- [Task prompt]
Set down the lines below, exactly, starting at the one that contains "Nike Therma Fit" and stopping at the last line, inclusive. Omit pictures.

- [Given material]

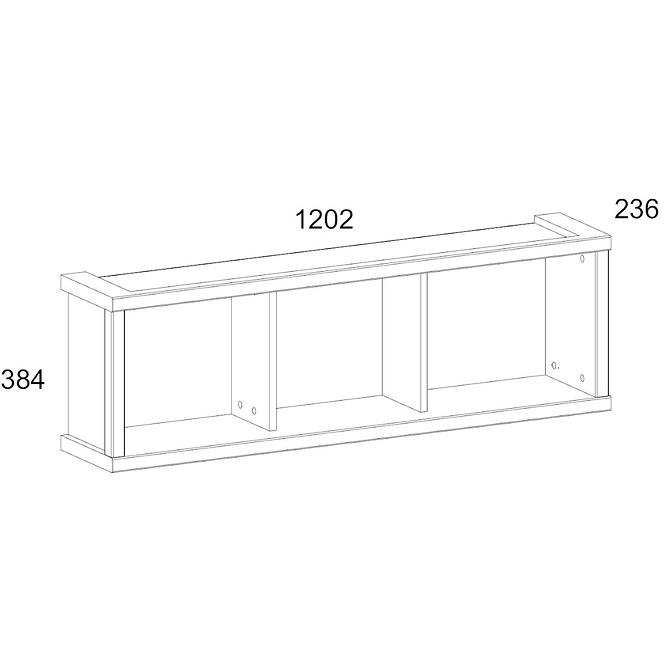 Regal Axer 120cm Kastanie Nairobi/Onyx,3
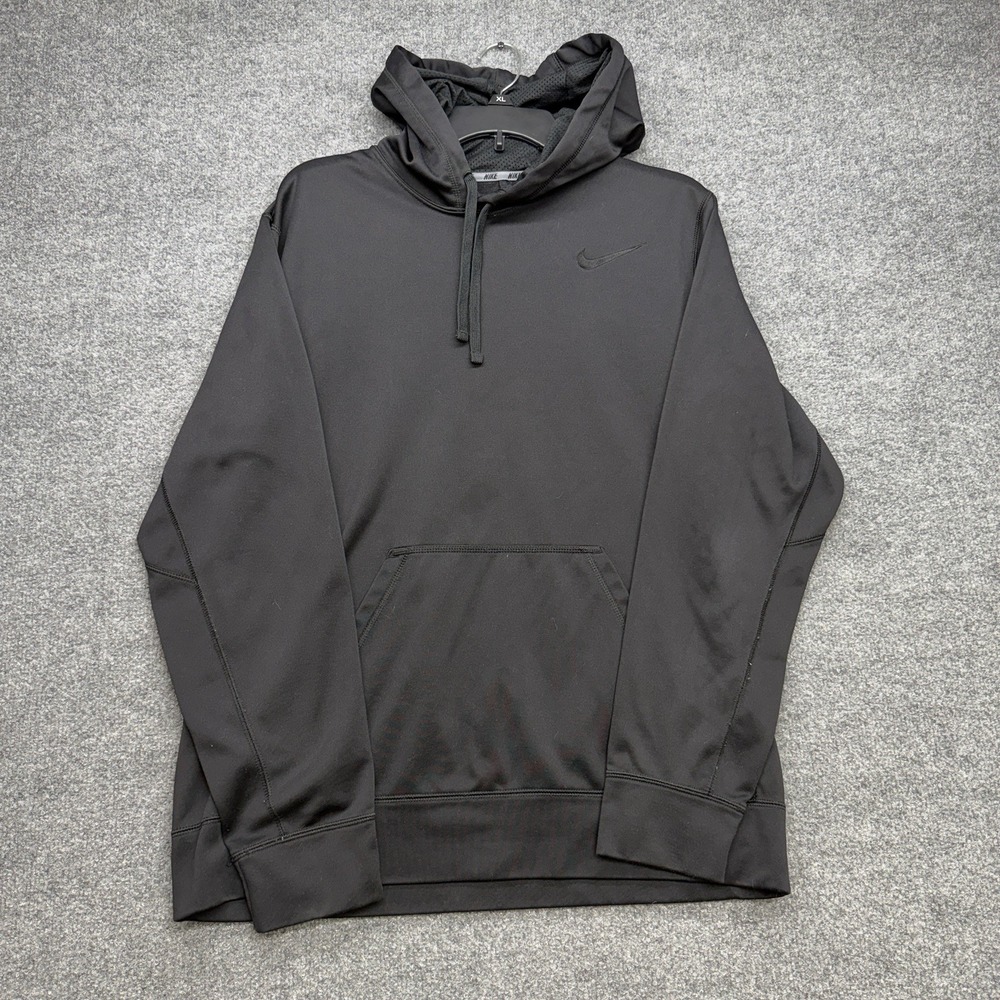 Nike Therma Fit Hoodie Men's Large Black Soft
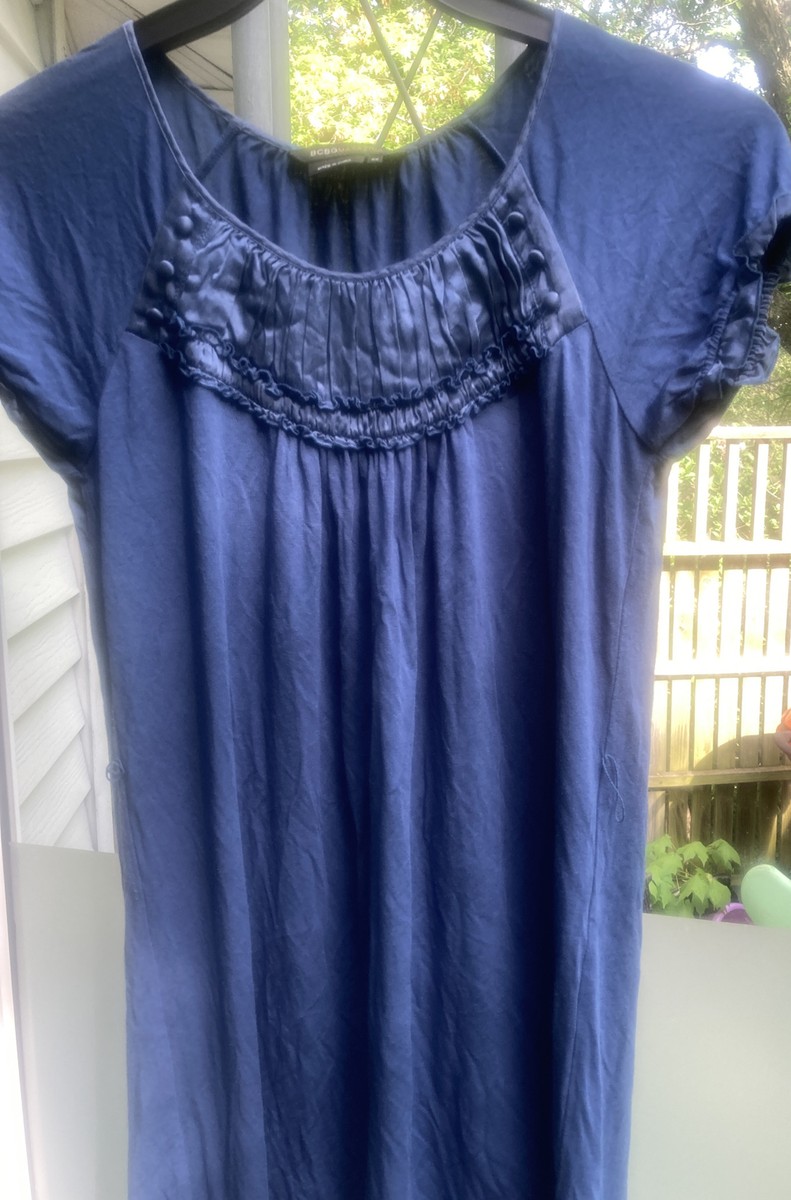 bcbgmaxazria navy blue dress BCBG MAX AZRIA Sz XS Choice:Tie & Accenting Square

- [Final answer]
 Nike Therma Fit Hoodie Men's Large Black Soft
 bcbgmaxazria navy blue dress BCBG MAX AZRIA Sz XS Choice:Tie & Accenting Square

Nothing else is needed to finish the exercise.